Why thread specific data is required in pthread?

Question

all the threads share memory location. For example a global variable changes in one thread will reflect in another thread. Since each thread has its own stack, the local variables that are created inside the thread is unique. In this case, why do we need to go for thread specific data mechanism?. Can't it be achieved by auto storage varibles inside the thread function ?

Kindly clarify!!!.

BR Rj

Answer 1

Normal globals are shared between threads. Local variables are specific to a particular invocation of a function. If you want something that (for example) is visible to a number of functions running in the same thread, but unique to that thread, then thread specific data is what you're looking for.

Answer 2

It's not required but it's rather handy. Some functions like rand and strtok use static storage duration information which is likely to be problematic when shared among threads.

Say you have a random number function where you want to maintain a different sequence (hence seed) for each thread. You have two approaches.

You can use something like the kludgy:

int seed;
srand (&seed, time (NULL));
int r = rand_r (void *seed);

where the seed has to be created by the caller and passed in each time.

Or you can use the rather nicer, ISO-compliant:

srand (time (NULL));
int r = rand();

that uses thread-local storage to maintain a thread-specific seed. Similarly with the information used by strtok regarding the locations within the string it's processing.

That way, you don't have to muck about with changing your code between threaded and non-threaded versions.

Now you could create that information in the thread function but how is the rand function going to know about it's address without it being passed down. And what if rand is called 87 stack levels down? That's an awful lot of levels to be transferring a pointer through.

And, even if you do something like:

void pthread_fn (void *unused) {
    int seed;
    rand_set_seed_location (&seed);
    :
}

and rand subsequently uses that value regardless of how deep it is in the stack, that's still a code change from the standard. It may work but so may writing an operating system in COBOL. That doesn't make it a good idea :-)

Answer 3

是的，堆栈是分配线程本地存储的一种方式（包括特定线程本地堆分配的句柄）。

Answer 4

The best example for thread specific data is the " errno ". When a call to some function in c library failed, the errno is set, and you can check it out to find the reason of the failure. If there's no thread specific data, it's impossible to port these functions to multi-thread environment because the errno could be set by other threads before you check it.

Answer 5

As a general rule, most uses of TSD should be avoided in new APIs. If a function needs some information, it should be passed to it.
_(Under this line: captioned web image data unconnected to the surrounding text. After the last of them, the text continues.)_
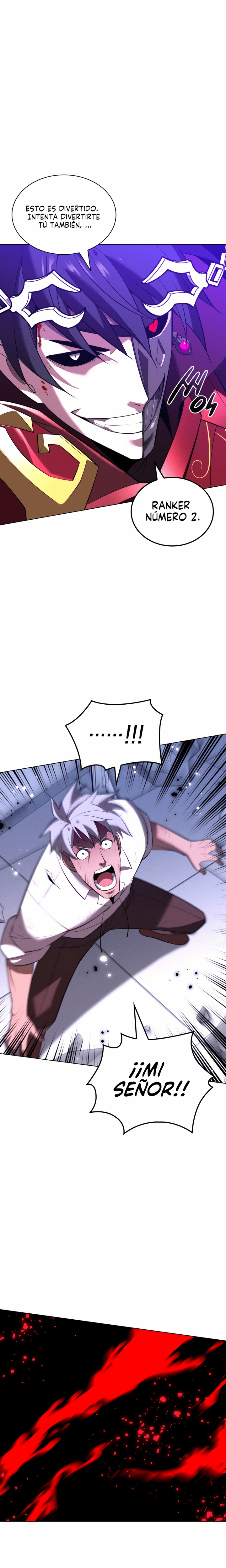 Read Sobrecargado es Manga Online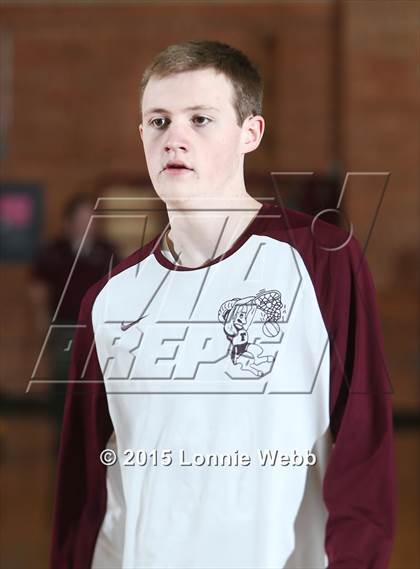 Thumbnail 1 in Fordham Prep @ Iona Prep photogallery.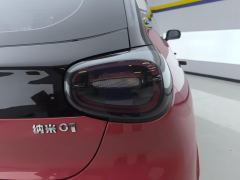 Dongfeng Nammi 01 Edition 330 Plus - ფოტო 5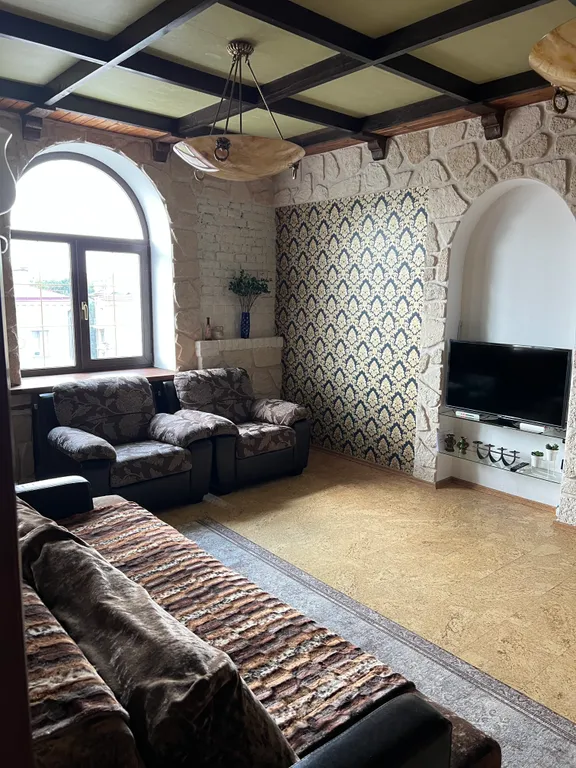 Уютная квартира в центре Минска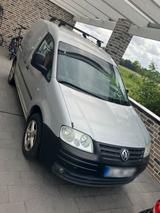 Volkswagen Caddy SDI 2,0 - Volkswagen Caddy: Sdi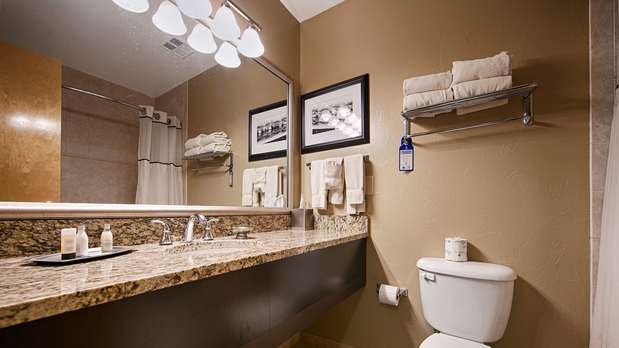 Images Best Western Vista Inn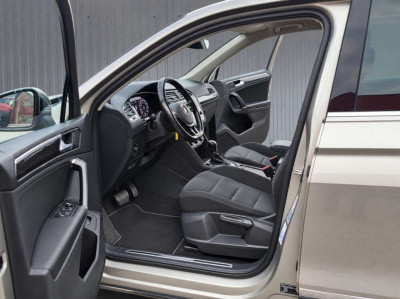 VW Tiguan Gebrauchtwagen VW Tiguan Gebrauchtwagen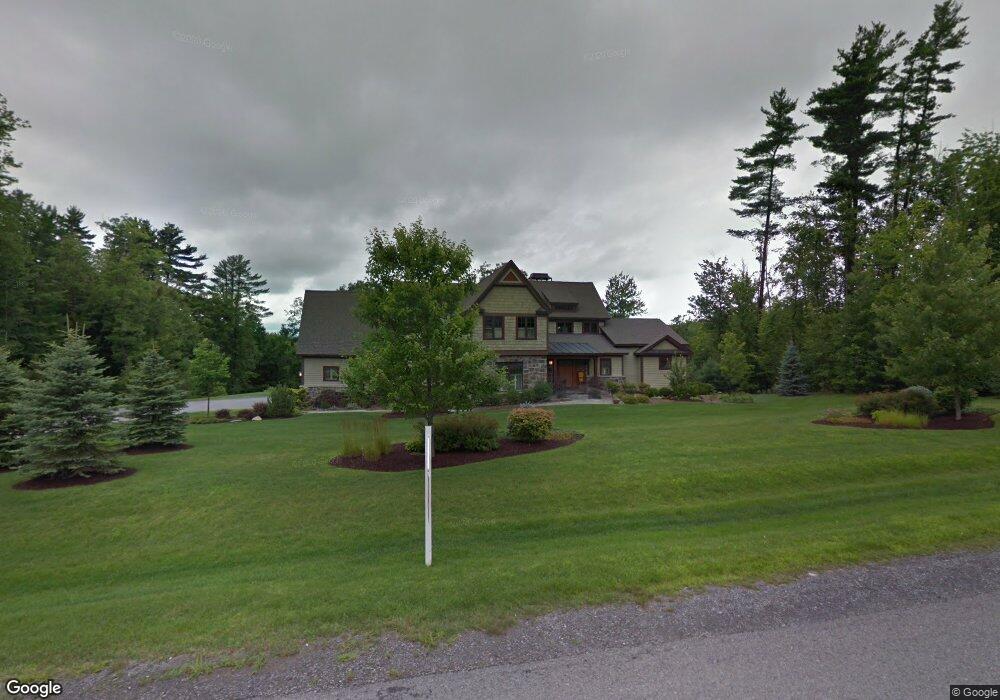 23 Old Stone Ridge, Greenfield Center, NY 12833 - photo 1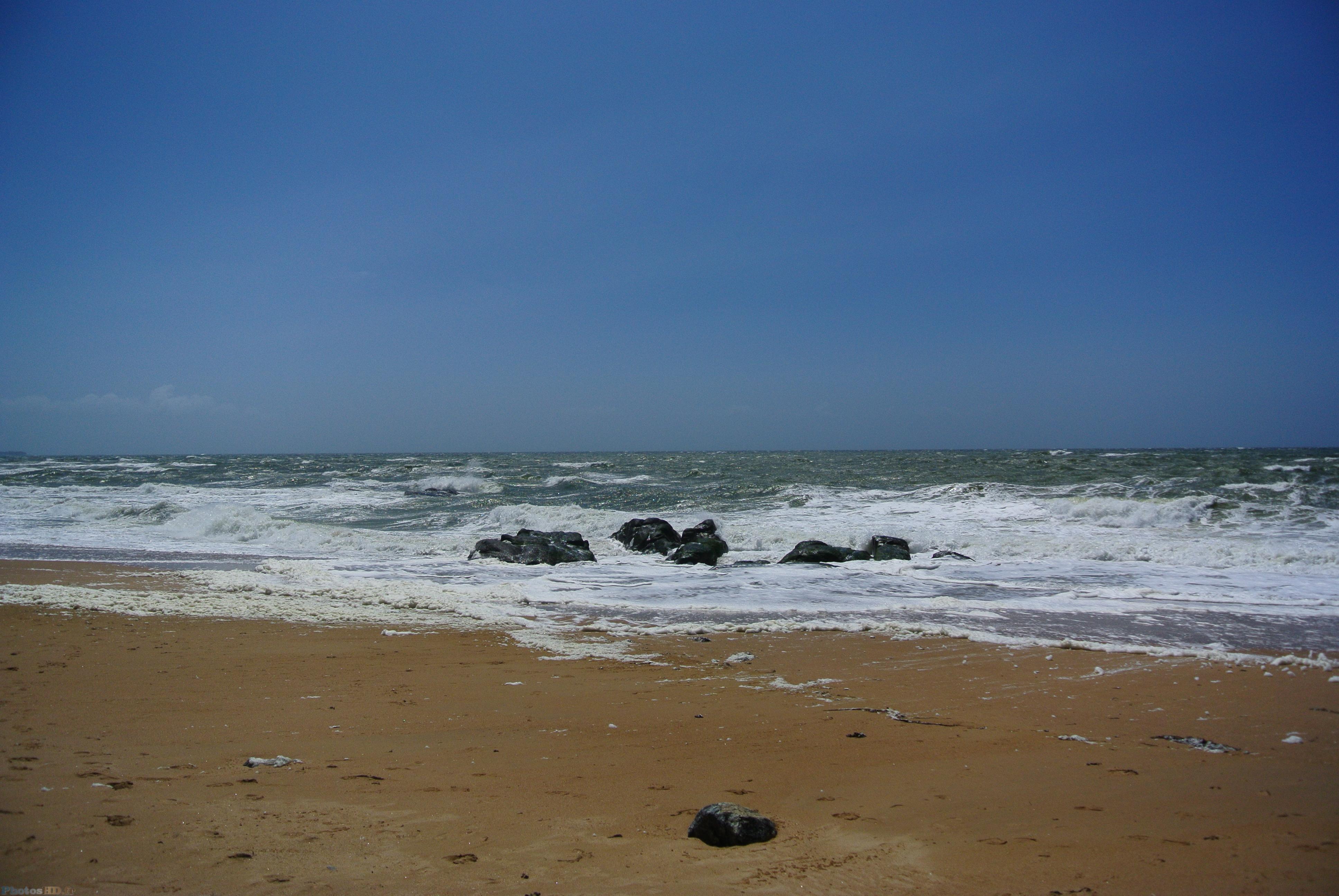 Plage de piriac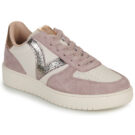 Victoria MADRID Bianco Sneakers basse Donna - 1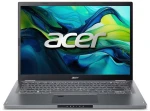 Nešiojamas kompiuteris ACER NTB Aspire 14 (A14-51M-71YS), Core-7 150U, 14 1920x1200,16GB, 1TB SSD, Intel Graphics, W11H, pilka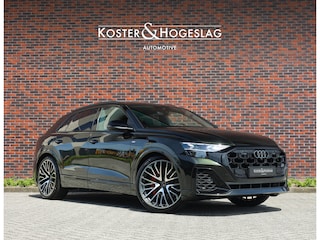 Audi Q8 60 TFSI e quattro Competition | Exclusive - Direct beschikbaar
However, sometimes you need TSD to 'paper over' an API defect. A good example is 'gmtime'. The 'gmtime' function returns a pointer to a structure that is valid until the next call to 'gmtime'. But that would make 'gmtime' awfully hard to use in a multi-threaded program. What if some library called 'gmtime' when you didn't expect it, trashing your structure? One simple workaround is make the structure returned thread-specific. (The long-term solution, of course, is to create a more suitable API such as 'gmtime_r'.)

One case where it's perfectly reasonable to use TSD in new designs is for information that won't be accessed frequently that would clutter the API. For example, if a critical error is discovered, it might be nice to log certain context information from higher-level code (Which client were you serving? What command did they send?). Your choices are basically to pass this context information from function to function to function (which isn't even always possible if some of the functions are outside your control) or to store it in TSD.